== Segment start ==
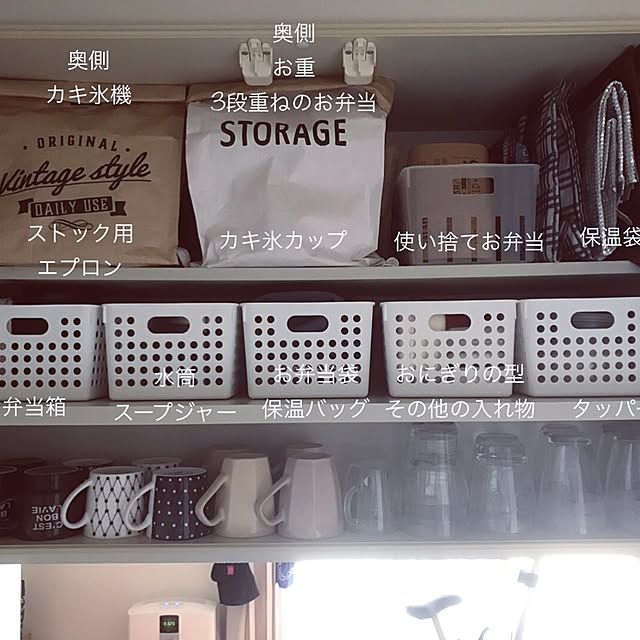 hiyupan88さんの実例写真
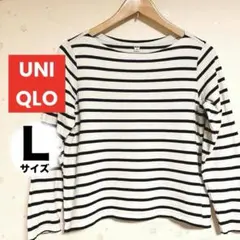 【ユニクロ】長袖カットソー　ロンT Ｌ　レディース　ボートネック　綿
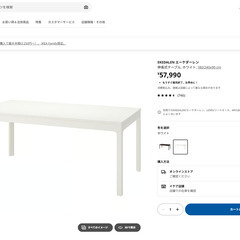 IKEA tableの画像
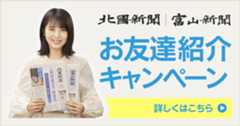 お友達紹介キャンペーン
== Segment end ==
** GOAL OF THE EXERCISE **
This exercise asks for the data above to be given again exactly, without pictures.

** RESULT FOR THIS EXERCISE **
 hiyupan88さんの実例写真
 【ユニクロ】長袖カットソー　ロンT Ｌ　レディース　ボートネック　綿
 IKEA tableの画像
 お友達紹介キャンペーン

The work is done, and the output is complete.